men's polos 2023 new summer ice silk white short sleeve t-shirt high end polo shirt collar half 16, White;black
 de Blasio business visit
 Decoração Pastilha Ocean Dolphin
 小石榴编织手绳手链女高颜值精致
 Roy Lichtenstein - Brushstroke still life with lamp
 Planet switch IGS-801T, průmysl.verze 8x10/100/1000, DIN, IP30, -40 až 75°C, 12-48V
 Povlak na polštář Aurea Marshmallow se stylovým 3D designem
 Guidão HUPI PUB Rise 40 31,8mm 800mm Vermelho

------------------------------------------------

Every line of the data above belongs in the answer, unchanged.

# Output below
men's polos 2023 new summer ice silk white short sleeve t-shirt high end polo shirt collar half 16, White;black
 de Blasio business visit
 Decoração Pastilha Ocean Dolphin
 小石榴编织手绳手链女高颜值精致
 Roy Lichtenstein - Brushstroke still life with lamp
 Planet switch IGS-801T, průmysl.verze 8x10/100/1000, DIN, IP30, -40 až 75°C, 12-48V
 Povlak na polštář Aurea Marshmallow se stylovým 3D designem
 Guidão HUPI PUB Rise 40 31,8mm 800mm Vermelho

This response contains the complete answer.